# WHAT YOU SHOULD DO
Restate word for word the lines below from the one that has "Fachada de la antia estación pont fiusta" through the one that has "Thử nghe lời", keeping both and dropping all pictures.
*** Opening DATA FOR ANALYSIS ***
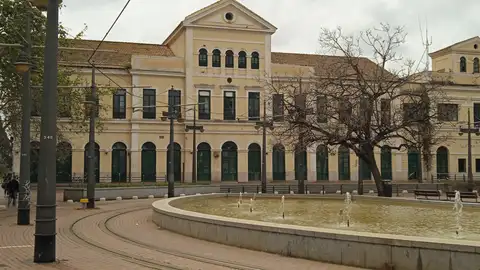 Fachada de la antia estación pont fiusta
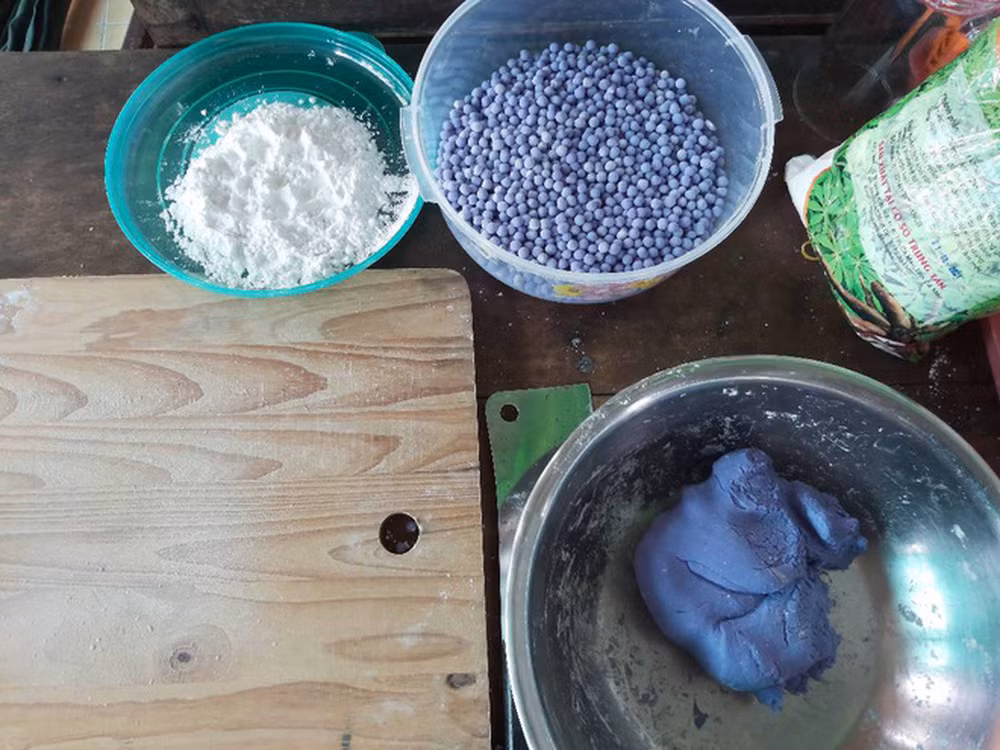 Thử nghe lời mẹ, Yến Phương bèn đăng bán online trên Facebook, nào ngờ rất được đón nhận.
*** Closing DATA FOR ANALYSIS ***
*** Opening DATA FOR ANALYSIS ***
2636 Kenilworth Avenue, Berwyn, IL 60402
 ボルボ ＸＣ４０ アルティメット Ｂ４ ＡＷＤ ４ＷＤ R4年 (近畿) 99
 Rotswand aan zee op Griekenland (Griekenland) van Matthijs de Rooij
*** Closing DATA FOR ANALYSIS ***
# RESPONSE TO THE TASK
 Fachada de la antia estación pont fiusta
 Thử nghe lời mẹ, Yến Phương bèn đăng bán online trên Facebook, nào ngờ rất được đón nhận.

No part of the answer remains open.